El Maestre levantó la cabeza hacia Liam, como reprendiéndolo por no seguir los pasos de la ceremonia. Liam entendió el mensaje silencioso de su mirada y avanzó con paso vacilante hacia el Marcado. Hizo una genuflexión, como se hace en las iglesias ante el crucificado, y al levantarse, acercó su rostro a la Marca, apoyando sus labios en la piel de la víctima. El cuerpo del Marcado se estremeció ante el contacto de aquel beso de traición, el beso de Judas, como si supiera, como si hubiera reconocido en Liam al artífice de su sacrificio. Hubo una lágrima que escapó y rodó por el rostro de Liam, afortunadamente oculta por la máscara que llevaba.

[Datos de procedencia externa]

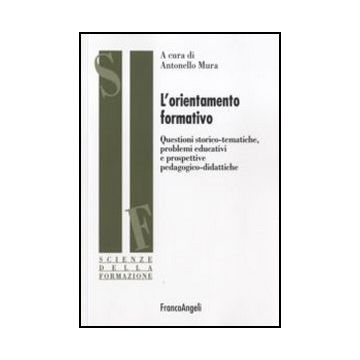 L'orientamento formativo. Questioni storico-tematiche, problemi educativi e prospettive pedagogico-didattiche - Mura - Franco Angeli - 9788846466419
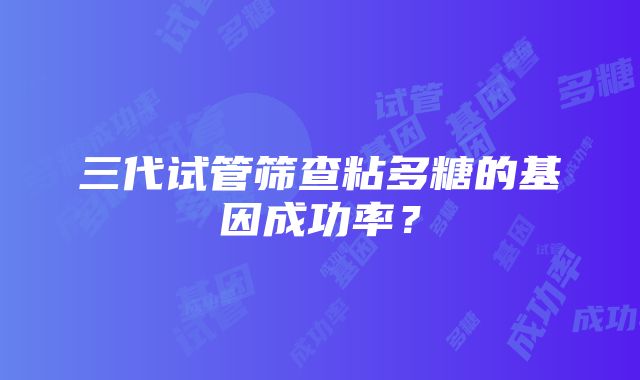 三代试管筛查粘多糖的基因成功率？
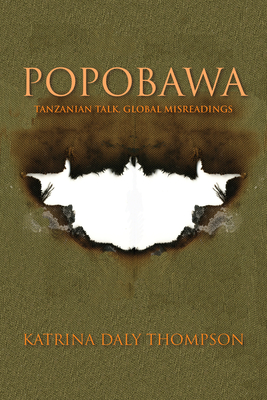 Popobawa: Tanzanian Talk, Global Misreadings - Thompson, Katrina Daly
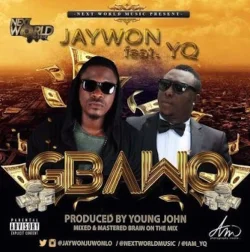 Jaywon - Gbawo (feat. YQ)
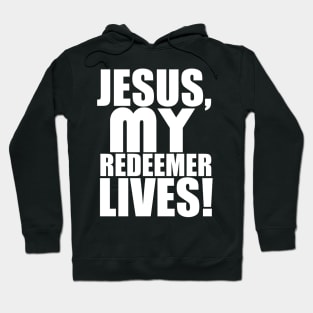 Jesus My Redeemer Lives Christian Gift Hoodie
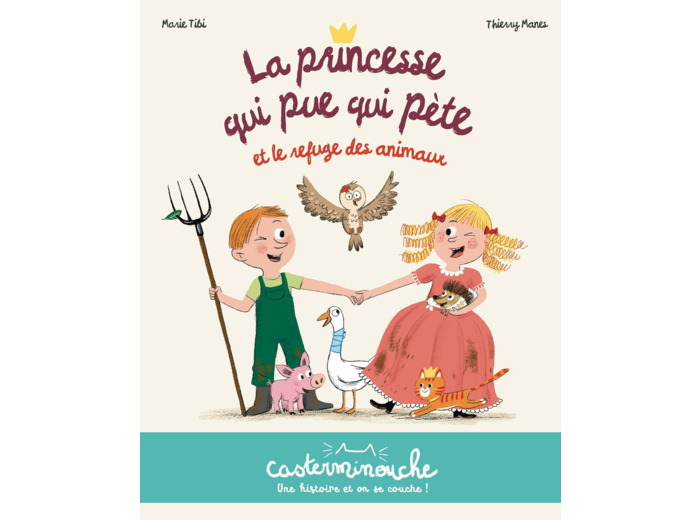CASTERMINOUCHE - LA PRINCESSE QUI PUE QUI PETE ET LE REFUGE DES ANIMAUX - PETITS ALBUMS SOUPLES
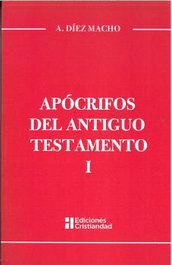 Apócrifos del Antiguo Testamento Tomo I, Alejandro Diez Macho - Cristiandad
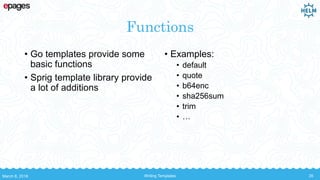 Functions
• Go templates provide some
basic functions
• Sprig template library provide
a lot of additions
• Examples:
• default
• quote
• b64enc
• sha256sum
• trim
• …
March 8, 2018 Writing Templates 35
 
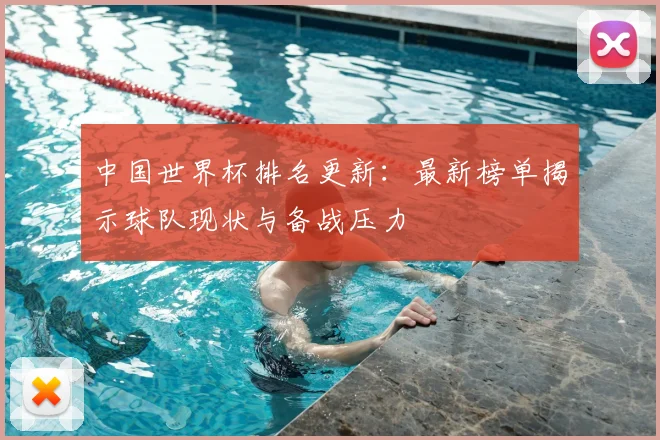 中国世界杯排名更新:最新榜单揭示球队现状与备战压力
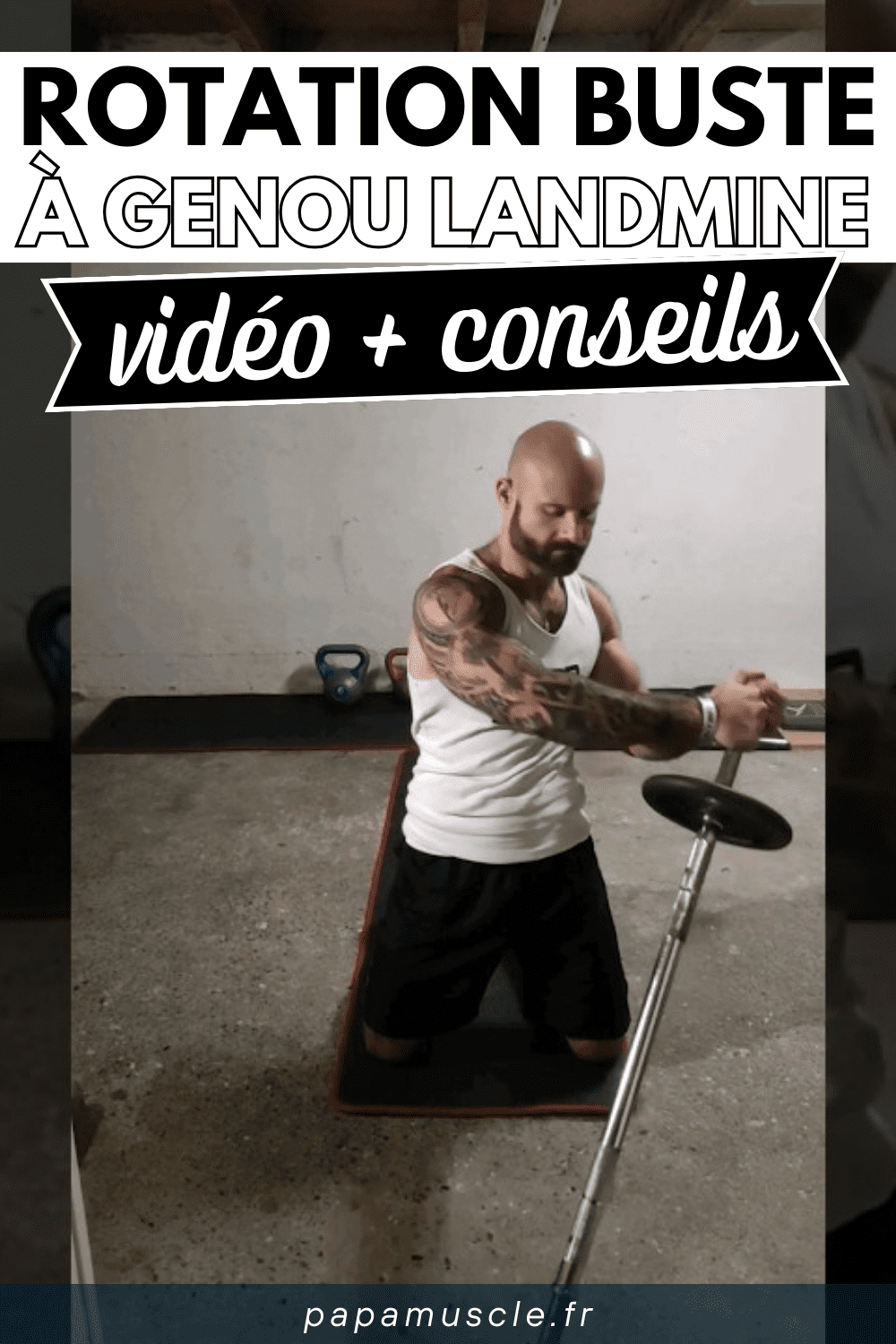 rotation buste à genou landmine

Después de besar el Sello sagrado, Liam tomó su lugar, arrodillándose junto al Maestre, el décimo enmascarado que completaba el Círculo de Praga, y se unió al canto. La constante repetición lo hizo entrar en el trance colectivo, volviéndolo insensible, irracional. En medio de un estado de sopor, apenas se dio cuenta de que el Maestre le alcanzaba una vela encendida. La tomó en sus manos, y el vaivén de la llama lo sumió más profundamente en el abismo de la nada, en el vacío mental necesario para el Rito de Preparación.

Después de un tiempo nebuloso e imposible de calcular, Liam volvió parcialmente del trance al escuchar el sonido agudo y prolongado de la campanada de inicio, tocada por el Maestre, que hizo cesar el canto. Entregó su vela a un miembro del Círculo que estaba a su izquierda y se puso de pie, avanzando hacia el Maestre, quien le entregó un cofre de madera con herrajes de plata y piedras preciosas incrustadas en la tapa.  Liam se agachó para pasar por debajo de la cadena que sostenía el brazo derecho del Marcado en tensión horizontal y se puso frente a él. Apoyó el cofre en el suelo, a medio metro de los pies de la víctima. Se levantó y acercó su mano a la cabeza de él, sacando la bolsa que lo encapuchaba. Liam vio que lo habían amordazado con un trozo de tela atado a su nuca. Eso no era muy común, pues los gritos de la víctima siempre eran bienvenidos en estos rituales. Supuso que en este caso, la mordaza no era para contener gritos, sino palabras. Los nueve temían lo que pudiera salir de la boca del Marcado.

La mirada del Marcado se cruzó por un momento con la de Liam. No había angustia ni súplicas en aquella mirada, el Marcado no era una víctima común. Tampoco había ira ni desafío, solo una calma extraña, serena, segura. Contra todo lo que cualquiera hubiera pensado, esa no era una calma de resignación, era la calma de la confianza en su propio poder. Por un momento, Liam pensó que la Hermandad se había metido con alguien a quien nunca podrían controlar, alguien que podría desbaratar todos sus nefastos planes. Pero al ver las cadenas y la mordaza, se dio cuenta de que probablemente era solo su imaginación que trataba de darle un último atisbo de esperanza.

Suspirando bajo su máscara, Liam se arrodilló ante el cofre y lo abrió, sacando una daga envuelta en un pañuelo blanco manchado con sangre seca. La desenvolvió y vio que la hoja también estaba manchada con sangre vieja. Aquella era la misma daga con la que su tío, el Maestre, lo había forzado a cortarse para recoger su sangre y usarla para rastrear a Augusto. Empresa que había resultado infructuosa. Su tío atribuía ese fracaso a que Liam le había mentido cuando le dijo que había dejado su sangre en la espada de su amigo. Ya no importaba, todo eso parecía tan lejano ahora… Liam se puso de pie con la daga en su mano derecha. Enseguida, uno de los nueve se acercó y se colocó a su izquierda, sosteniendo una patena de oro. Liam tomó aire para darse valor y se cortó el antebrazo izquierdo. La sangre que manó de la herida fue diligentemente recogida en la patena por su colega. Otro de los nueve se acercó y le vendó la herida. Liam volvió a envolver la daga y la colocó otra vez en su cofre. Acto seguido, comenzó la parte del ritual llamada Obstrucción de Poder.